Chevron posts massive $8.3 billion loss
U.S. oil major Chevron hit the red hard as it reported a massive loss of $8.3 billion, or almost $4.5 per diluted share, for the second quarter of 2020.
If we compare the loss from this quarter to the earnings of $4.3 billion in the second quarter of 2019, it is clear that Chevron’s bottom-line dropped by $12.6 billion.
Included in the current quarter were impairments and other net charges of $1.8 billion primarily associated with downward revisions to the company’s commodity price outlook, severance accruals of $780 million, and a gain of $310 million on the sale of Azerbaijan assets.

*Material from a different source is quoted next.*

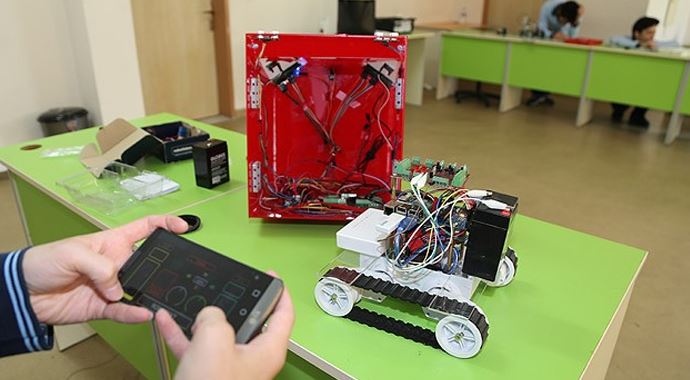 Eviniz boşken tedirginseniz, çözüm Karadenizli robotta! Eviniz boşken tedirginseniz, çözüm Karadenizli robotta!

Chevron said in its financial results for the quarter that it also fully impaired its $2.6 billion investment in Venezuela due to uncertainty associated with the current operating environment and overall outlook. Foreign currency effects decreased earnings by $437 million.
Worth noting, the company recorded an adjusted loss of $3.0 billion in the quarter, a far cry from its adjusted earnings of $3.4 billion in the same period in 2019.
Sales and other operating revenues in the second quarter of 2020 were $16 billion, compared to $36 billion in the year-ago period. This meant another drop since Chevron netted $40 billion in sales and operating revenues in 2Q 2018.
Michael K. Wirth, Chevron’s chairman of the board and CEO, said: “The economic impact of the response to COVID-19 significantly reduced demand for our products and lowered commodity prices. Given the uncertainties associated with economic recovery, and ample oil and gas supplies, we made a downward revision to our commodity price outlook which resulted in asset impairments and other charges.
“While demand and commodity prices have shown signs of recovery, they are not back to pre-pandemic levels, and financial results may continue to be depressed into the third quarter of 2020.
“We reduced our capital budget in response to the current environment and are on track with our commitment to lower operating expense. […] year to date organic capital expenditures are on track with the company’s revised full-year guidance of $14 billion.
“While second-quarter 2020 operating expenses of $7.1 billion were up 13 per cent from second quarter 2019, second quarter 2020 operating expenses, excluding severance accruals of $1 billion, were down three per cent compared to the year-ago period”.
It is worth reminding that the company recently announced that it entered into a definitive agreement with Noble Energy to acquire all of its outstanding shares in an all-stock transaction.
“Noble’s high-quality assets provide Chevron with low-cost, proved reserves and attractive undeveloped resources that will enhance an already advantaged upstream portfolio. We believe this transaction will unlock significant value for shareholders of both companies”, Wirth added.
Also, worldwide net oil-equivalent production was 2.99 million barrels per day in second-quarter 2020, a decrease of three per cent from a year ago, and down eight per cent from the first quarter of 2020.
The decrease was largely a result of curtailed production in response to low commodity prices and asset sales, partially offset by net production increases in several properties.